On the other hand, there was another study showed that serum NGAL concentrations did not differ between quiescent versus active stages. When a cut-off level of 129 ng/mL was used to distinguish IBD from healthy controls, of sensitivity 76.1% and specificity of 60.9% Yesil et al ,2013.
In our study it was found that most of the patients were below age of 40 about 70.5%. 58% were male sex, while 42% were female.54 patients (90%) were diagnosed as UC; 28 (51.9%) in remission MAYO 0–1, 26 patients (48.1%) in activity MAYO 2–3 score (table 1).
According to the extent of UC 7 patients were proctitis, 19 were proctosigmoiditis and 34 (56.7%) were pancolitis. 6 patients (10%) were diagnosed as CD; 2patients were in remission CDAI < 150 and the other 4 were in activity CDAI > 150. All of the patients were inflammatory CD. Three of the patients had history of appendectomy.
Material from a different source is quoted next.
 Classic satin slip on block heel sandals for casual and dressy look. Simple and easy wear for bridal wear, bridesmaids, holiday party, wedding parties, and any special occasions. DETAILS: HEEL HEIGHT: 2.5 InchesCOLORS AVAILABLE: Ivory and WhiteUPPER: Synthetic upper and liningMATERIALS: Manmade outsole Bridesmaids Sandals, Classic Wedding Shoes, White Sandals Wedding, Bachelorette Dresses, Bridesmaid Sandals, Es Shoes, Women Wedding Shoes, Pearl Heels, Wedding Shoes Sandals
Furthermore, 53.3% of the patients were having extraintestinal manifestation either musculoskeletal or thromboembolic or skin or eye manifestation but all were controlled medically.All our patients were receiving medical conventional therapy 36.7% were taking 5 ASA (pentasa) and enemacort, while 63.3% were taking AZA and frequent use of steroids.
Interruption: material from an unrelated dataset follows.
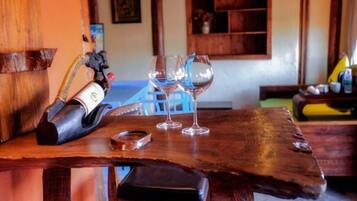 A wooden bar table with a bottle, glasses, and a small container.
In relation to fecal calprotectin discriminating active versus remission of IBD at the cutoff 154, it was found that AUC was 0.93 CI (0.83–0.98), P < 0.0001, with sensitivity 90.0%, specificity 80.0% (Fig. 2). There was also highly significant correlation between fecal calprotectin and serum NGAL (r = 0.69, P < 0.0001). NGAL shows high significance of predictability of the activity of IBD (P < 0.0001) in comparison to fecal calprotectin. This goes in hand with Zollner et al 2021, who found that there was an excellent correlation between both [rS = 0.87, p < 0.001] and comparable sensitivity and specificity to predict clinical and endoscopic disease activity.
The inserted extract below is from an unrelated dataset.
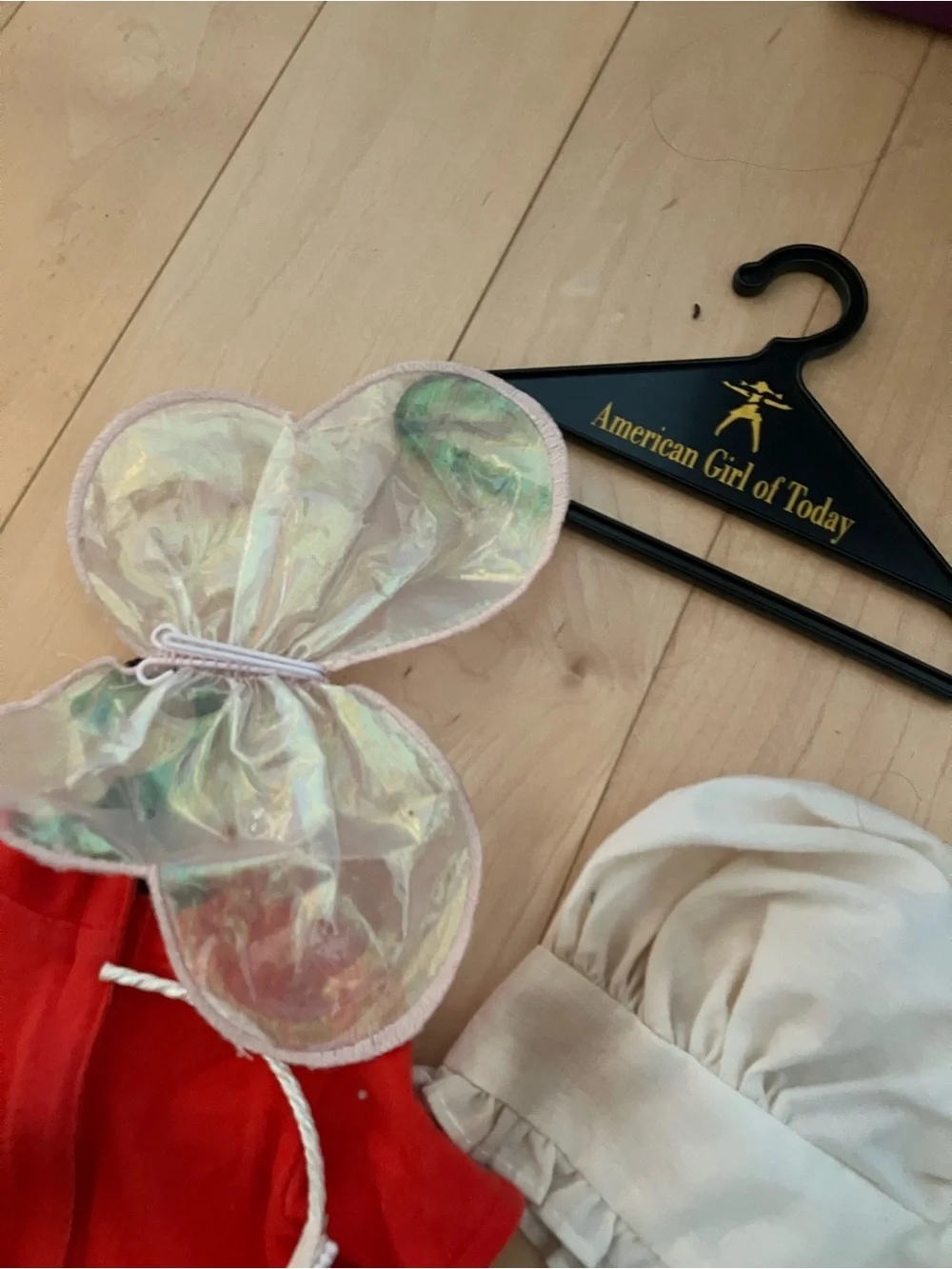 American Girl Doll Hanger with Iridescent Wings and Red Outfit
In addition a large multicentric cross-sectional study including 371 patients found that fecal calprotectin and NGAL levels are valuable addition for assessment of disease activity in asymptomatic UC patients.(Margo et al,2017)
Moreover our study (table 3) showed that CRP was positively correlated to NGAL, with mild positive correlation by r = 0.38 (P = 0.003).Yet, AUC of CRP that differs active IBD patients versus those in remission was only 0.56, with 95% CI (0.43–0.69), P = 0.42. While that of ESR was 0.55 CI (0.41–0.67), P = 0.54, with sensitivity 33.3%, specificity 83.3%. Thus, NGAL in comparison to other markers as CRP or ESR shows better statistical performance for activity of IBD.
This results can suggest the conclusion of De Bruyn et al., 2015 who showed that NGAL was better than CRP and can be used as a single marker in patients without elevated CRP levels or in combination with CRP to discriminate mucosal healing.
According to our knowledge, there was only one study done on 35 Egyptian IBD patients and showed the importance of serum NGAL as a marker in the assessment of patients regarding disease activity and response to treatment. (Nooh et al 2018)
In conclusion, we can recommend serum NGAL for assessment of IBD activity and may be potential prognostic marker and act as a highly significant predictor due to its lower cost in comparison to fecal calprotectin and being also very high sensitive and specific to active cases.